• **What the task asks**: Filter the records below and copy every line containing the word "exactly".

• **Source data**:

::::::

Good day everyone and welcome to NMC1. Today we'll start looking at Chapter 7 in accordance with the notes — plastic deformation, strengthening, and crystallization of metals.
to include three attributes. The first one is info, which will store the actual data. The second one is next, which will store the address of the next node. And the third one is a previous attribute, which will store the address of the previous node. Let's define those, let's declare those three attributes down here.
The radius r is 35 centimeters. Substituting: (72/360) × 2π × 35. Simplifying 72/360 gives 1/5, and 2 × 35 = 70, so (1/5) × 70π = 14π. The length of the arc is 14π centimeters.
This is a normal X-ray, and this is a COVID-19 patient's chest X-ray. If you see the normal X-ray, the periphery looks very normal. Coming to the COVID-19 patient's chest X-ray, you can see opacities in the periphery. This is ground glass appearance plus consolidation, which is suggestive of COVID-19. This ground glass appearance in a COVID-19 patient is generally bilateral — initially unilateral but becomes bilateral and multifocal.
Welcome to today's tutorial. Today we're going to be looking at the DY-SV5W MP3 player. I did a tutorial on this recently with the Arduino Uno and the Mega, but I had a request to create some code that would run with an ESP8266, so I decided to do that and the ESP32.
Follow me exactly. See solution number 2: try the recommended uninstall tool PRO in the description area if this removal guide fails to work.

::::::

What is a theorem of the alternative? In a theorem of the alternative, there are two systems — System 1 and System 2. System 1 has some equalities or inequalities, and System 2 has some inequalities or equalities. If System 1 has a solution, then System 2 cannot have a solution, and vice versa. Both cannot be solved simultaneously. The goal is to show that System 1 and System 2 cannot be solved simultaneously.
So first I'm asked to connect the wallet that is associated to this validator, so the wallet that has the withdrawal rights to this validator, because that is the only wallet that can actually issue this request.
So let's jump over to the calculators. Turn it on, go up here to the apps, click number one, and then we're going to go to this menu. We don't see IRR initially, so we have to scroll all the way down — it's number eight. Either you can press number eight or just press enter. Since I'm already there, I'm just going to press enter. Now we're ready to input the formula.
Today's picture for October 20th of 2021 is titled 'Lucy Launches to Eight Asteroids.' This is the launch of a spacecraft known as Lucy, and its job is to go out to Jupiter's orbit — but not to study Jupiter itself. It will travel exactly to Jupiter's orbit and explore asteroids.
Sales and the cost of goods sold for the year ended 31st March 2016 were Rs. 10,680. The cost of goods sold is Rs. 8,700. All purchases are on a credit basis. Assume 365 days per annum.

::::::

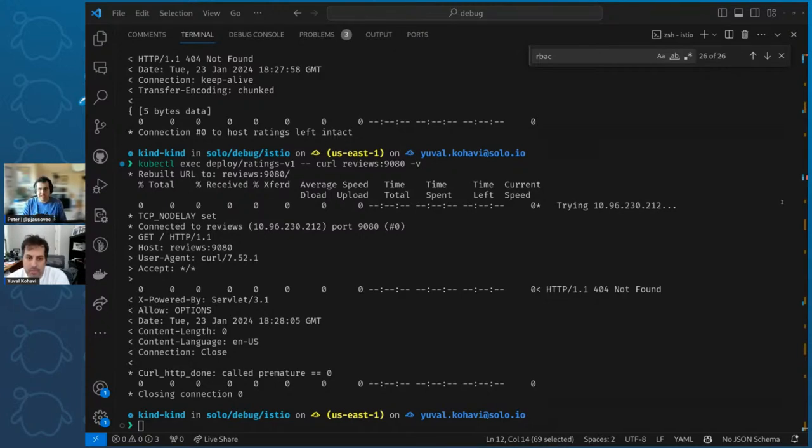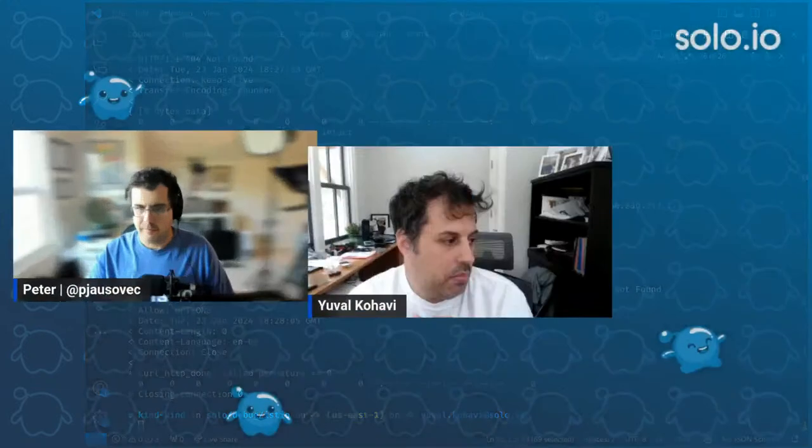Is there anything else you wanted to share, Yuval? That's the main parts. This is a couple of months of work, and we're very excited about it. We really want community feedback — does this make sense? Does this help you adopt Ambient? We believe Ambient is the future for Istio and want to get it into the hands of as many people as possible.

::::::

• **Task solution**:
Follow me exactly. See solution number 2: try the recommended uninstall tool PRO in the description area if this removal guide fails to work.
Today's picture for October 20th of 2021 is titled 'Lucy Launches to Eight Asteroids.' This is the launch of a spacecraft known as Lucy, and its job is to go out to Jupiter's orbit — but not to study Jupiter itself. It will travel exactly to Jupiter's orbit and explore asteroids.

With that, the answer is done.